## PROBLEM DETAILS
Pictures aside, copy exactly the lines running from the one with "第110话 我想守护你 第23页" to the end of the records.

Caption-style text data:
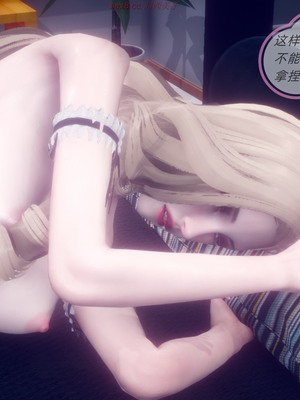 【达也先生】御姐女上司竟然是女优01-08_1423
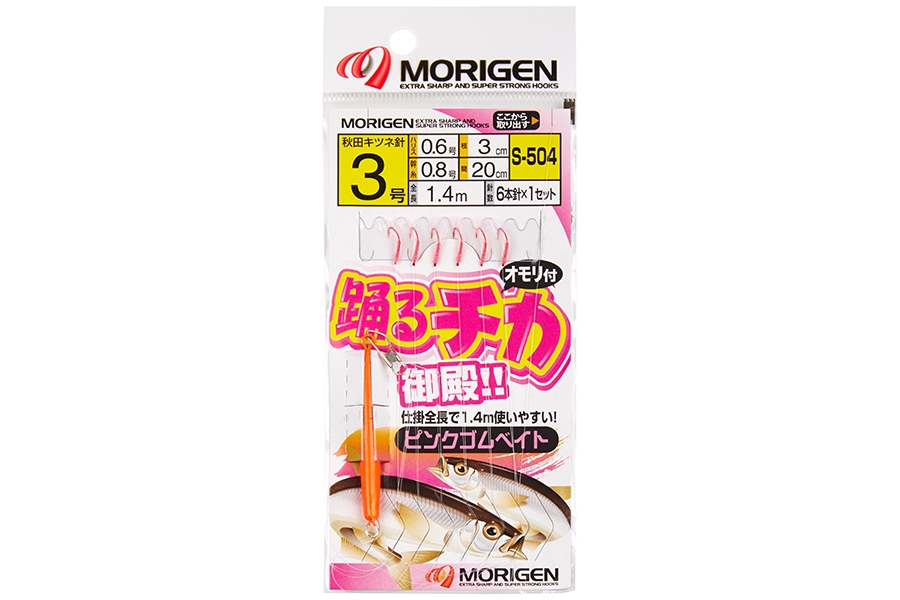 Оснастка MORIGEN S-504 #2,5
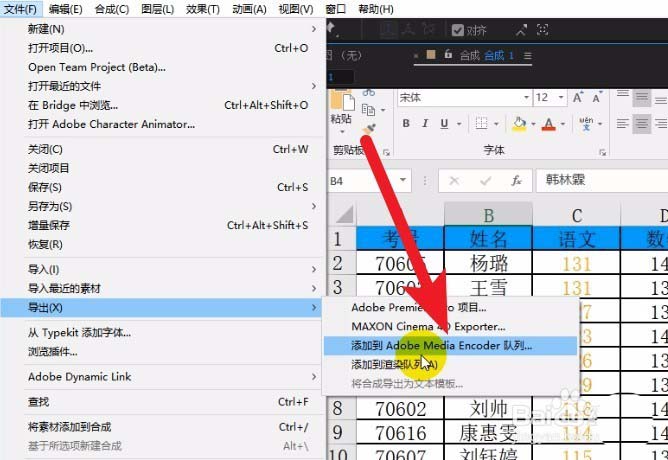 ae渲染输出没声音的解决操作介绍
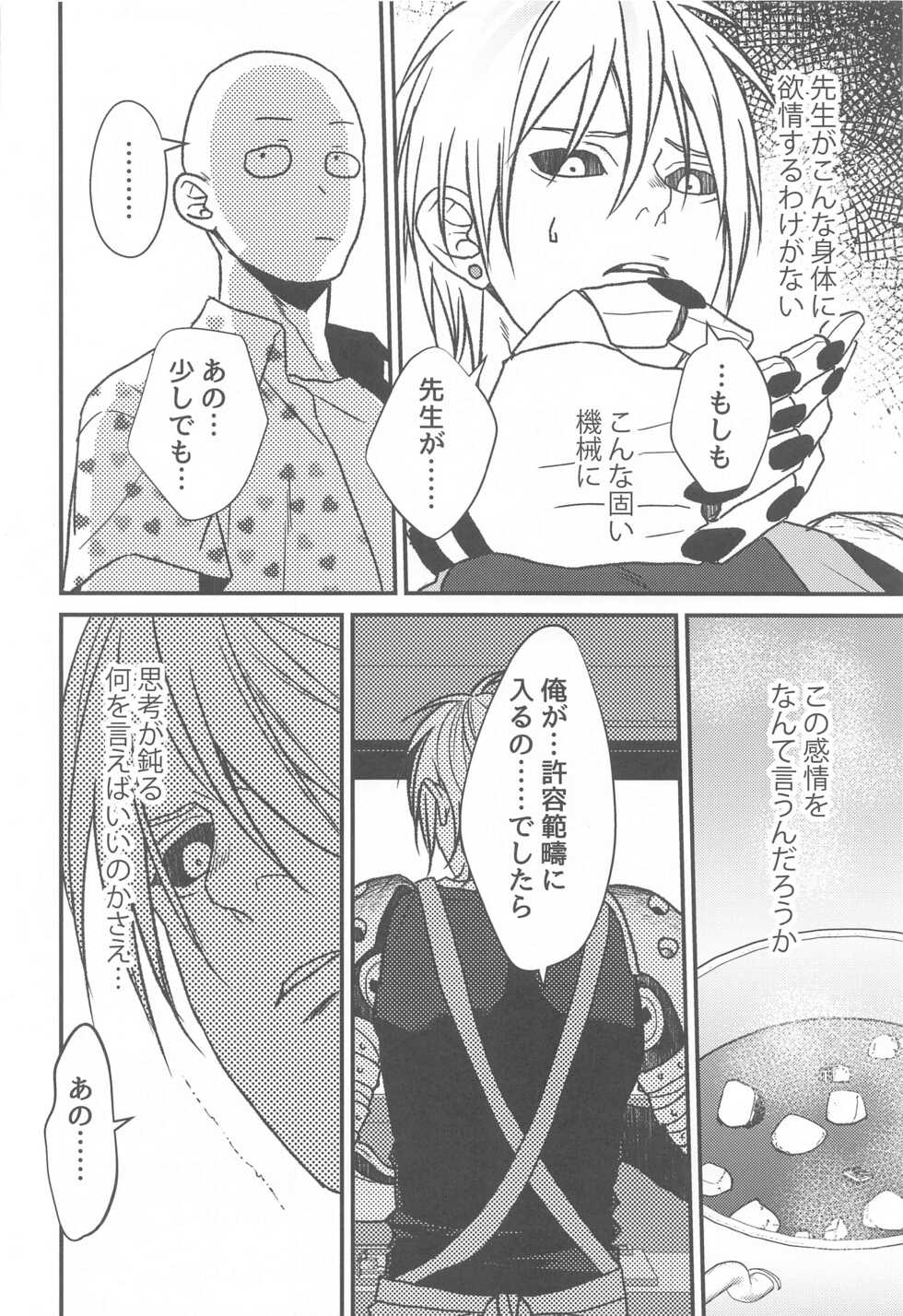 (ONE→HUNDRED 20) [gan-en (Fuwa Nozomi)] Ore no Deshi Maji de Kawaii (One Punch Man) - Page 25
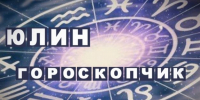 Юлин топчик. К кому придут за советом - Ulpravda.Ru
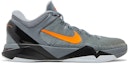 Buy Nike Zoom Kobe 7 Sistem 'Wolf Grey' 488371-002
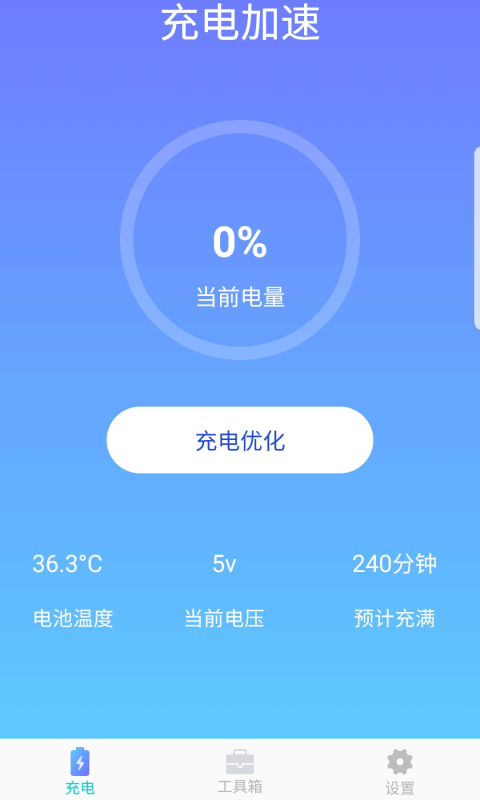 充电多多多通用版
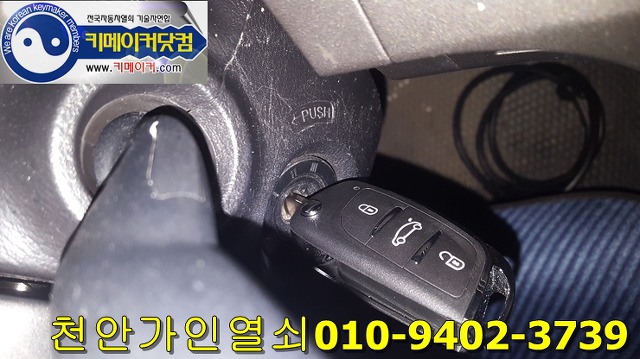 혼다 시빅 자동차키분실로 출장차키제작해드림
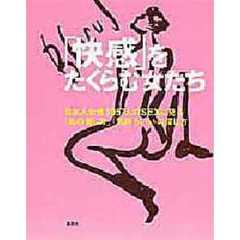 「快感」をたくらむ女たち　日本人女性１０５７人のＳＥＸに見る「私の愛し方」「気持ちいいの探し方」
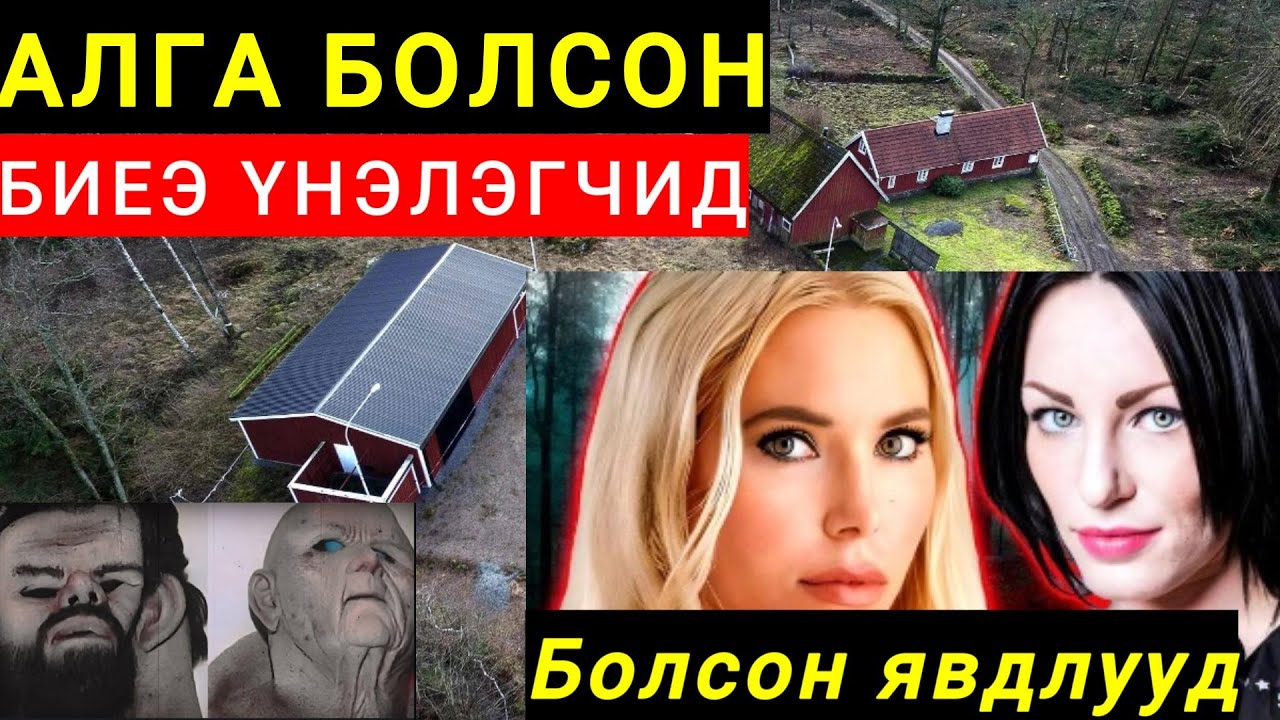 💵3 ӨӨР УЛСАД БОЛСОН 3 ӨӨР ХЭРЭГ (Bolson Yavdal) #33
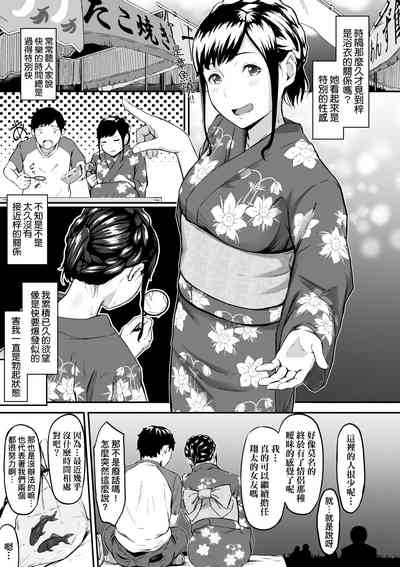 第18页图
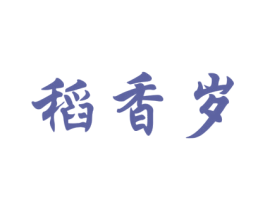 稻香岁 商标图样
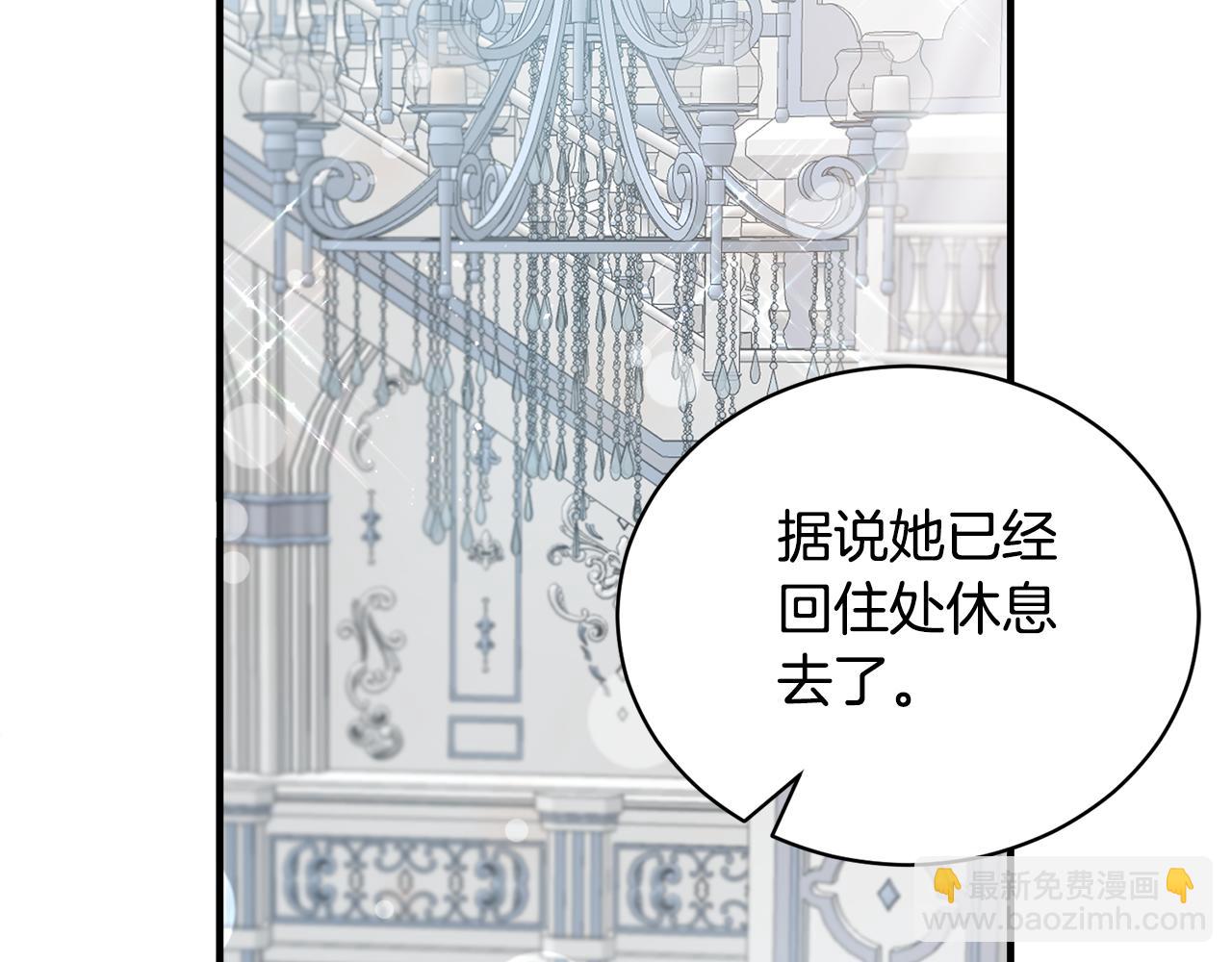 ☕安吉拉的谎言 第110话 我想守护你 第23页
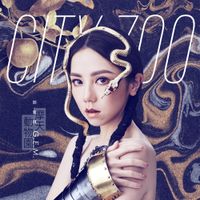 G.E.M. - 摩天動物園 [City Zoo]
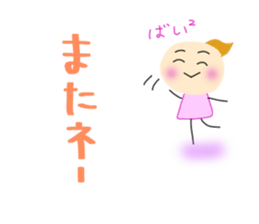 Yuki who loves an enka ballad. sticker #7399290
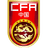 China U20 Women - Player Pichayatida Manowang 1037796 309921 Football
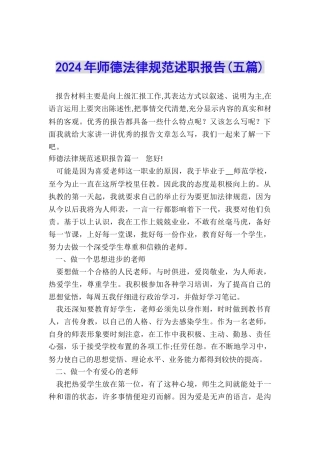 2024年师德规范述职报告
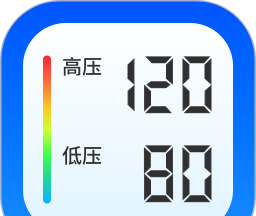 指尖记血压血糖logo图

## EXERCISE RESULT
 ☕安吉拉的谎言 第110话 我想守护你 第23页
 G.E.M. - 摩天動物園 [City Zoo]
 Yuki who loves an enka ballad. sticker #7399290
 China U20 Women - Player Pichayatida Manowang 1037796 309921 Football
 2024年师德规范述职报告
 指尖记血压血糖logo图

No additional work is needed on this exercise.